- **MATERIAL TO PROCESS**:
_____

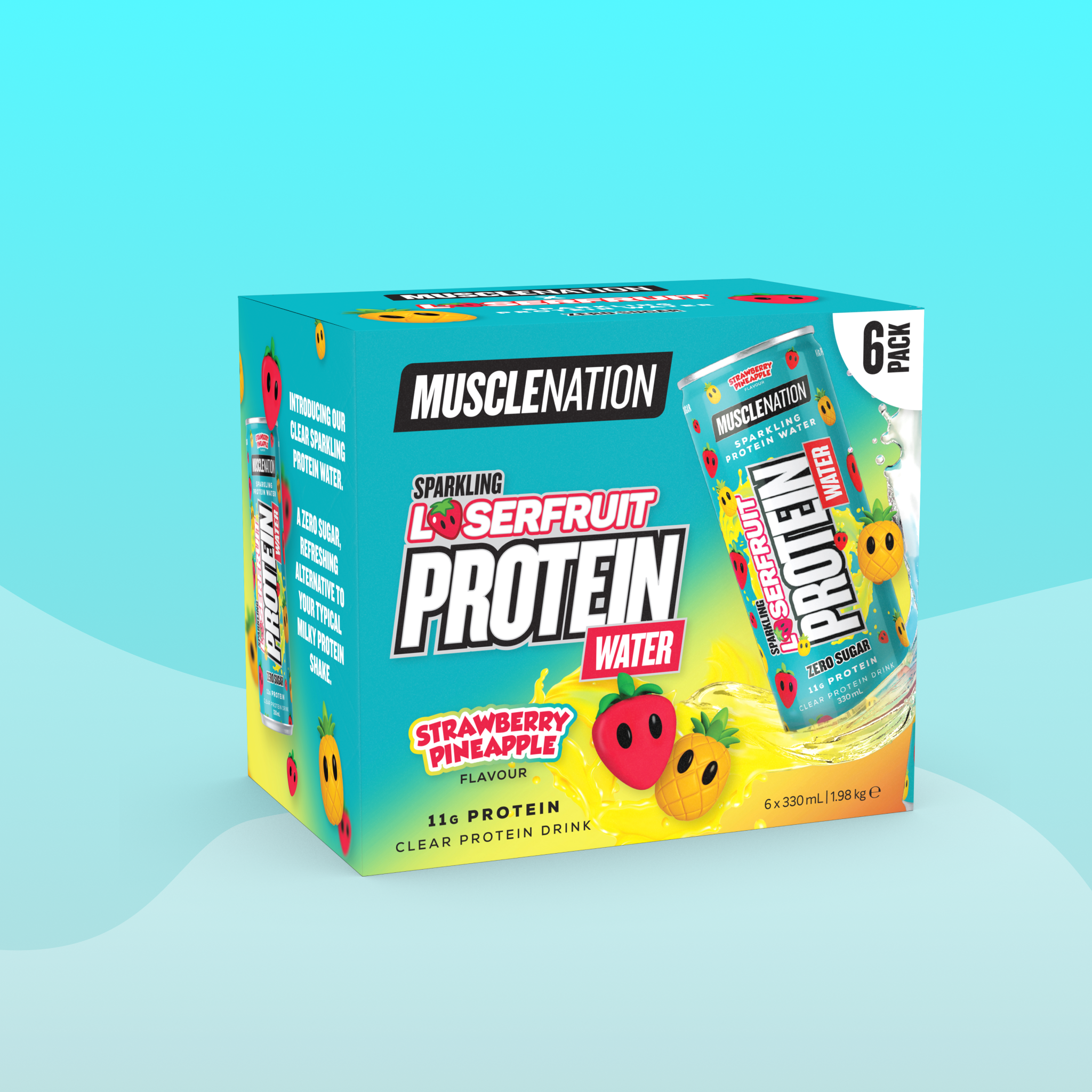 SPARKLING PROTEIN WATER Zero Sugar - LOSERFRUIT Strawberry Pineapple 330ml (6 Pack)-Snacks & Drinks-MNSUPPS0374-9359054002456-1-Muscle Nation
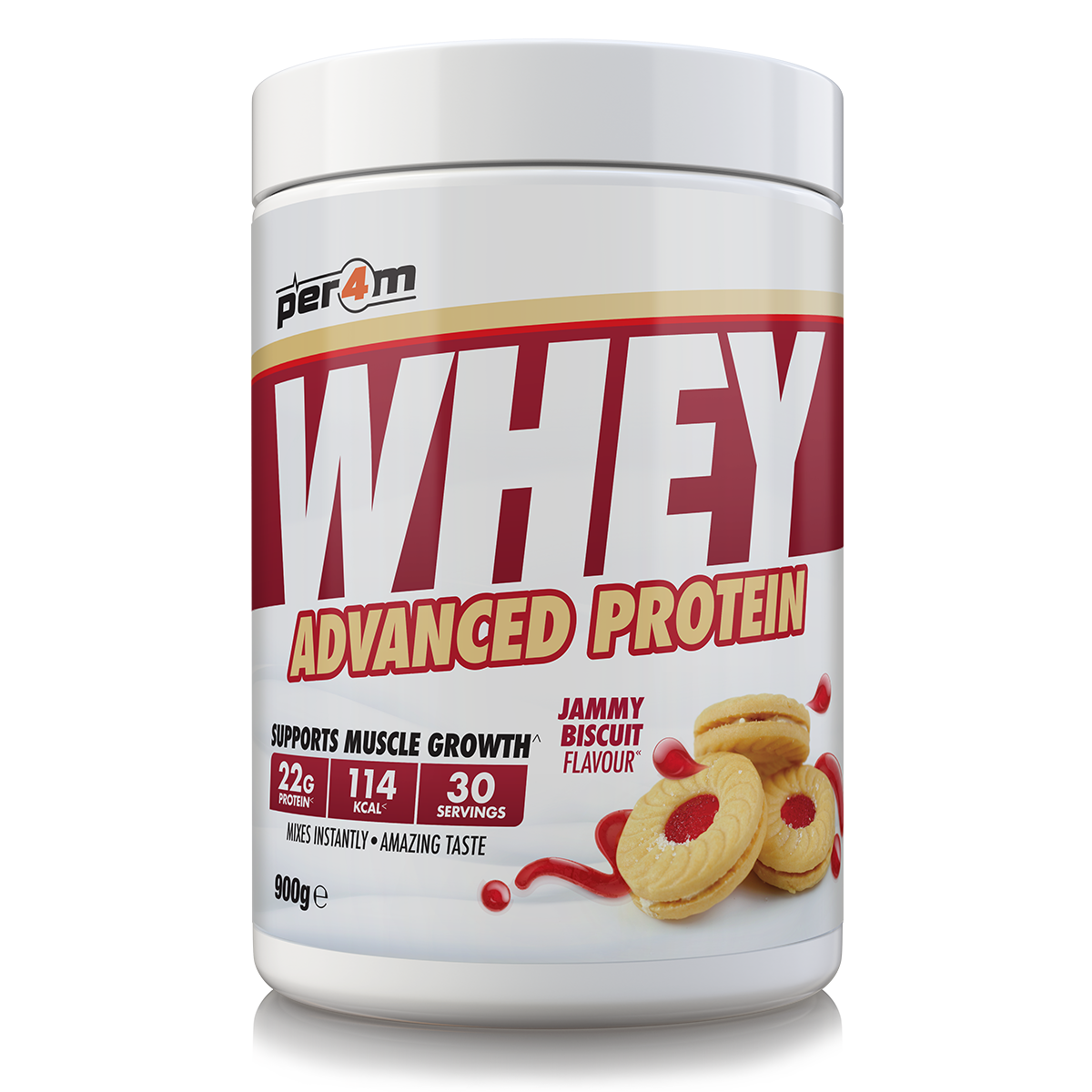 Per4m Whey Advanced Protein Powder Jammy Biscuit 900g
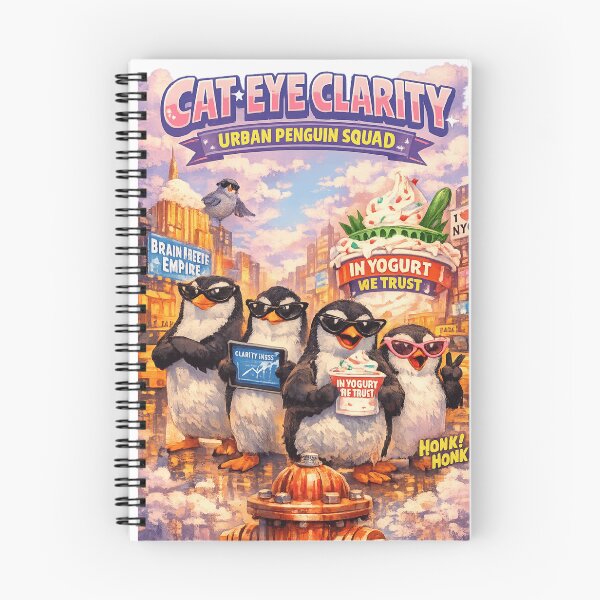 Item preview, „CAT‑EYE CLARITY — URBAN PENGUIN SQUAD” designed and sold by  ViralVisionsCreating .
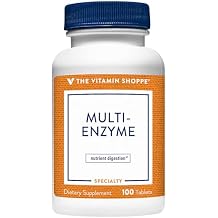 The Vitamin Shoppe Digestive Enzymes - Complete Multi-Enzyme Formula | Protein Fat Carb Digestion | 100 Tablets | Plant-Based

_____

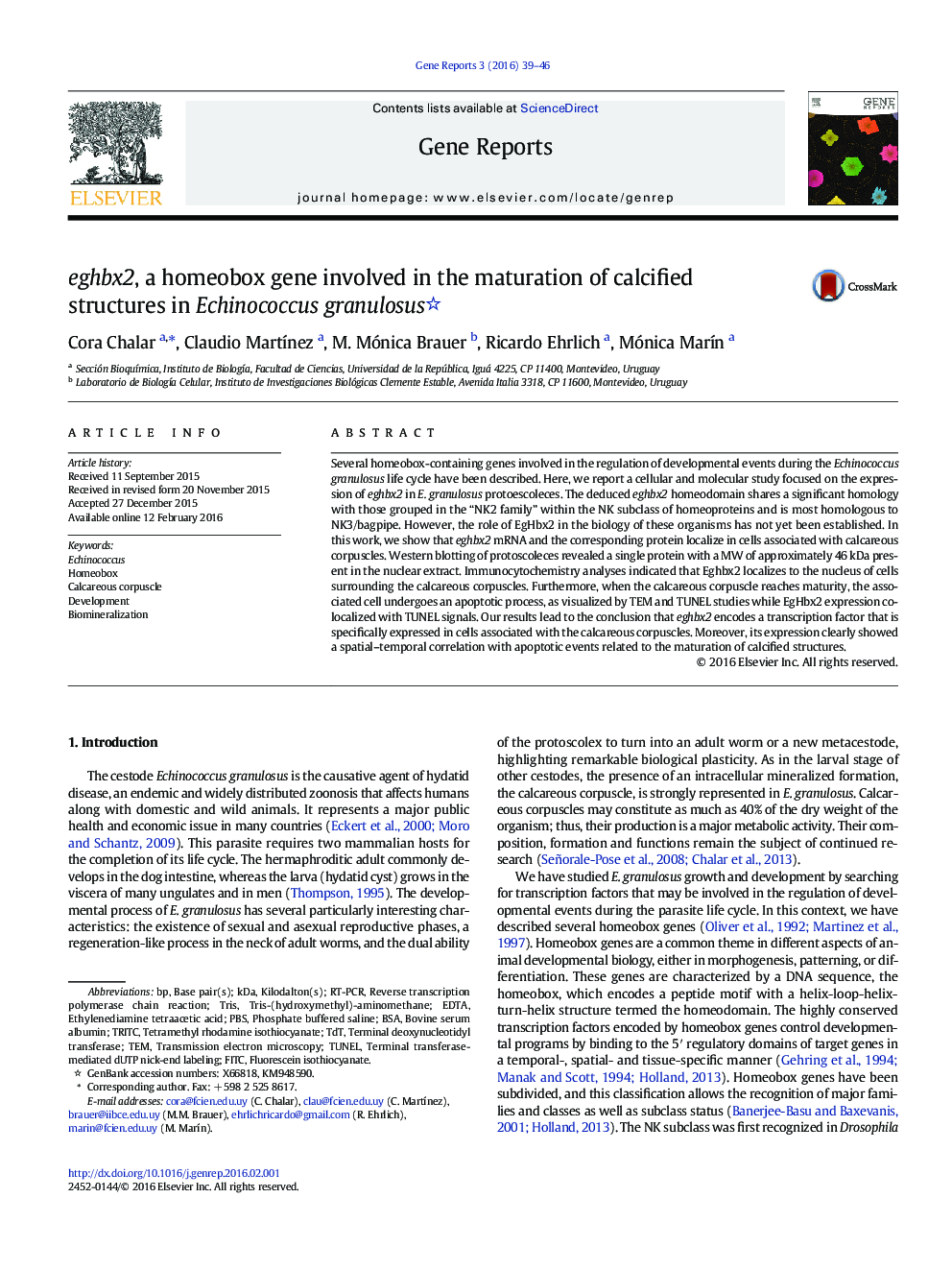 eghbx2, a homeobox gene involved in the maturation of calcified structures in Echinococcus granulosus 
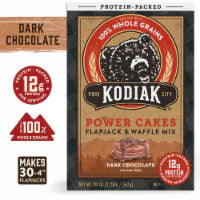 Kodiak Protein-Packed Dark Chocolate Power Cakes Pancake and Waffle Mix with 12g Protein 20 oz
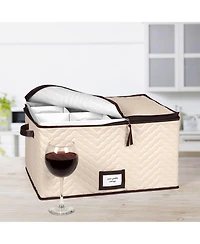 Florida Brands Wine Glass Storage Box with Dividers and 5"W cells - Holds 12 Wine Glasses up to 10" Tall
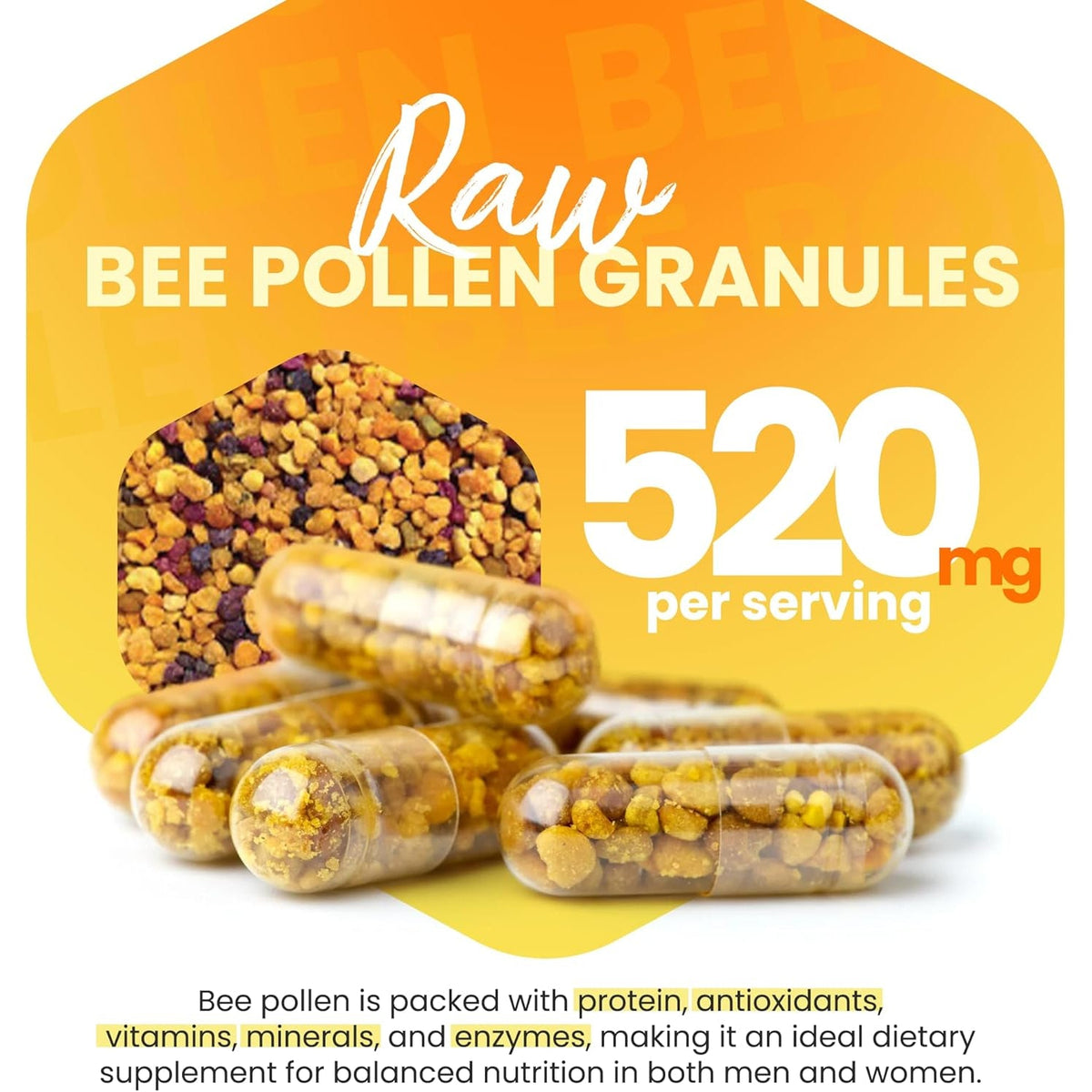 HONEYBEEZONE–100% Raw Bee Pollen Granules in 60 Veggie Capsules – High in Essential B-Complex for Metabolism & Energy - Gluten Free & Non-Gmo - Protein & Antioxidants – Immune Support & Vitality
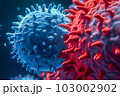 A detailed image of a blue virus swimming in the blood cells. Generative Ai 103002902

_____

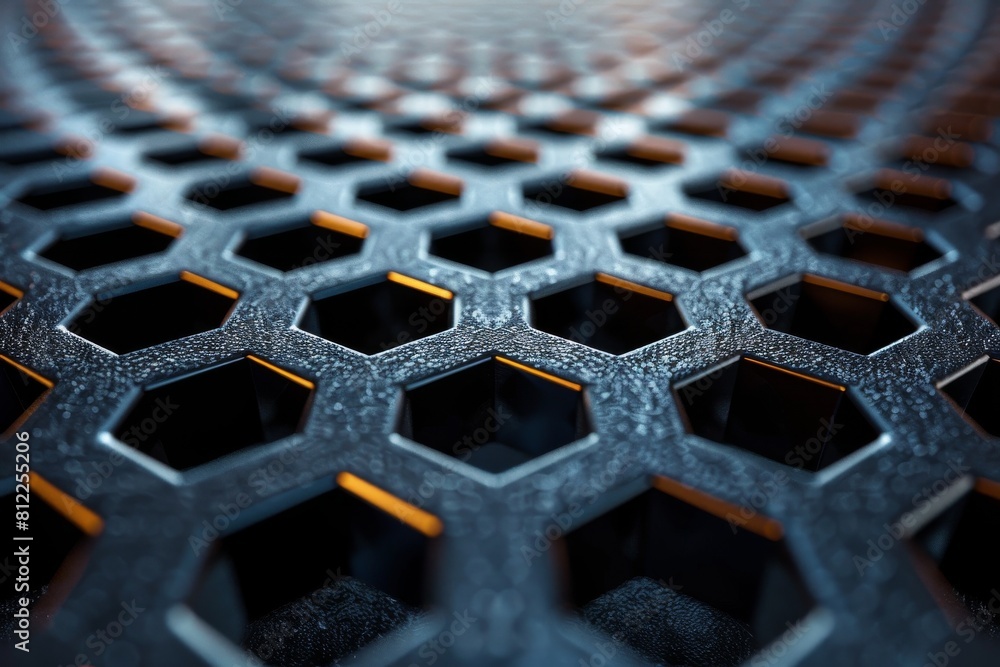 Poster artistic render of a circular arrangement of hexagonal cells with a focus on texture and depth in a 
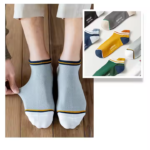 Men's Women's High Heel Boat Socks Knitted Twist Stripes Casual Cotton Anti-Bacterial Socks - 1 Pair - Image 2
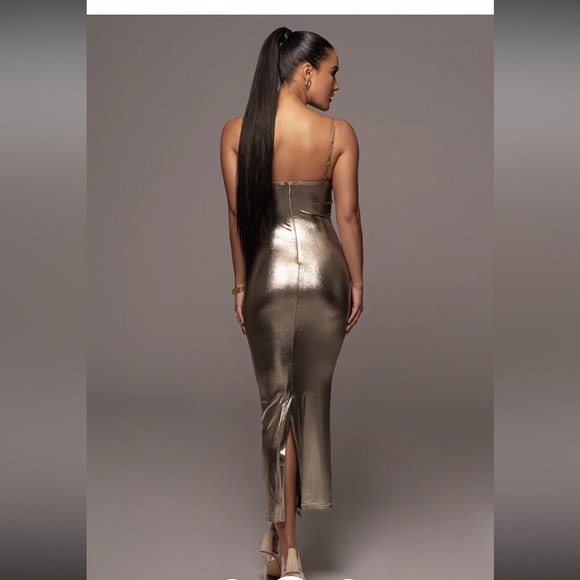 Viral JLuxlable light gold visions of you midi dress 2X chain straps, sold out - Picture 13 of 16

_____

- **EXERCISE REQUIREMENTS**: Return word for word the lines of the listing above, starting at the line with "SPARKLING PROTEIN WATER" and ending at the line with "The Vitamin Shoppe", both included. Pictures do not belong in the copy.

- **ANSWER TO THIS EXERCISE**:
 SPARKLING PROTEIN WATER Zero Sugar - LOSERFRUIT Strawberry Pineapple 330ml (6 Pack)-Snacks & Drinks-MNSUPPS0374-9359054002456-1-Muscle Nation
 Per4m Whey Advanced Protein Powder Jammy Biscuit 900g
 Item preview, „CAT‑EYE CLARITY — URBAN PENGUIN SQUAD” designed and sold by  ViralVisionsCreating .
 The Vitamin Shoppe Digestive Enzymes - Complete Multi-Enzyme Formula | Protein Fat Carb Digestion | 100 Tablets | Plant-Based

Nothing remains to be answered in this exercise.